◆ **Your objective**:
Omit all pictures, then retype the data exactly as given.

◆ **Record extracts**:
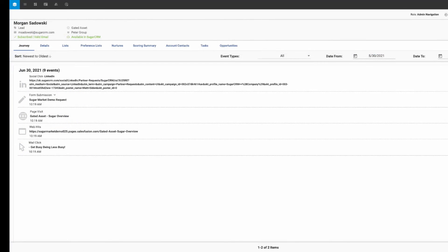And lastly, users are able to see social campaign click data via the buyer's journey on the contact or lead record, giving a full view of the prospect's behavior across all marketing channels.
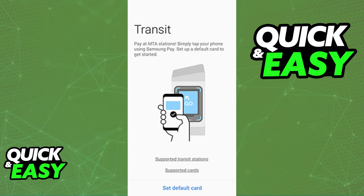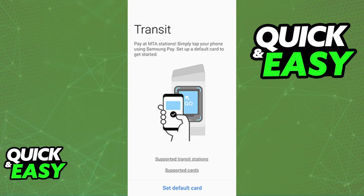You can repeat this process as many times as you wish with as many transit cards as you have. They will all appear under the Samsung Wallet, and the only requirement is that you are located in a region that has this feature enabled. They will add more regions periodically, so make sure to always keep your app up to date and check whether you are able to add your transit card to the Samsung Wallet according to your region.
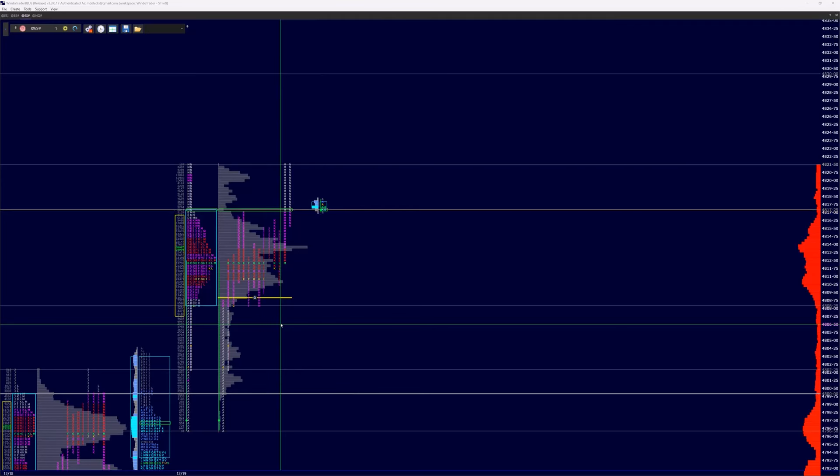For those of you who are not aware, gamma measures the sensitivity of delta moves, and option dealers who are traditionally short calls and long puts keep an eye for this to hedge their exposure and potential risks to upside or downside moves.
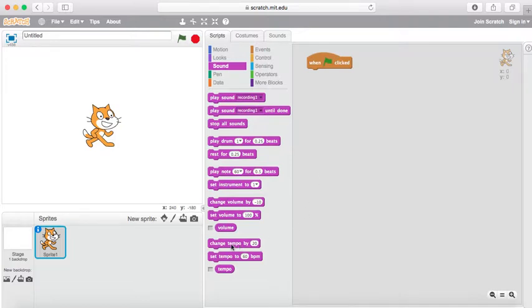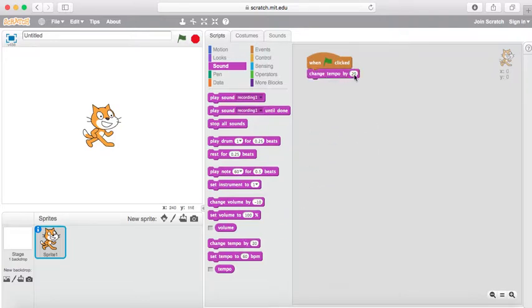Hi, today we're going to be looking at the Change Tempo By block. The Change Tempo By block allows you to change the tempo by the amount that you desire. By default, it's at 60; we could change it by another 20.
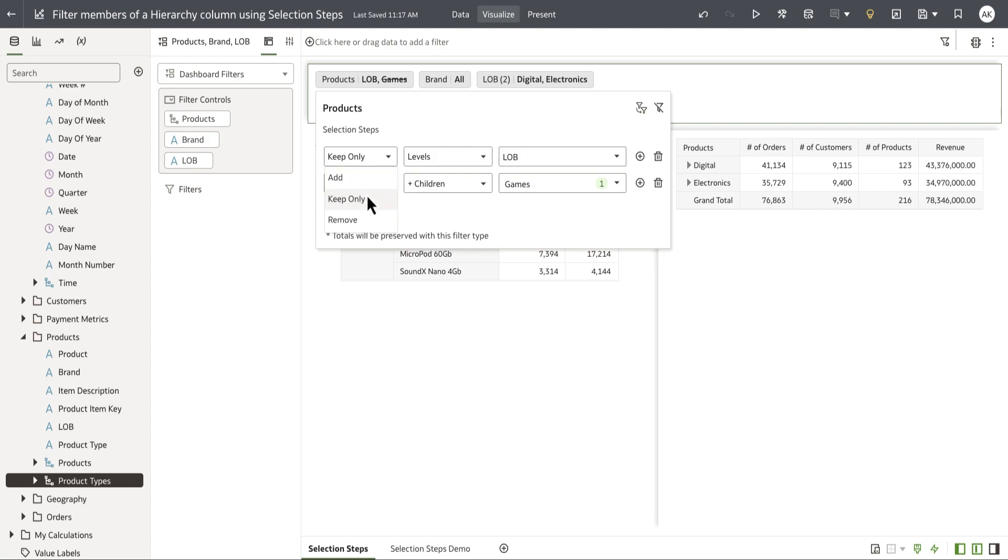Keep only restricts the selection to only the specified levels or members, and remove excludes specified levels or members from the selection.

◆ **Solved problem**:
And lastly, users are able to see social campaign click data via the buyer's journey on the contact or lead record, giving a full view of the prospect's behavior across all marketing channels.
You can repeat this process as many times as you wish with as many transit cards as you have. They will all appear under the Samsung Wallet, and the only requirement is that you are located in a region that has this feature enabled. They will add more regions periodically, so make sure to always keep your app up to date and check whether you are able to add your transit card to the Samsung Wallet according to your region.
For those of you who are not aware, gamma measures the sensitivity of delta moves, and option dealers who are traditionally short calls and long puts keep an eye for this to hedge their exposure and potential risks to upside or downside moves.
Hi, today we're going to be looking at the Change Tempo By block. The Change Tempo By block allows you to change the tempo by the amount that you desire. By default, it's at 60; we could change it by another 20.
Keep only restricts the selection to only the specified levels or members, and remove excludes specified levels or members from the selection.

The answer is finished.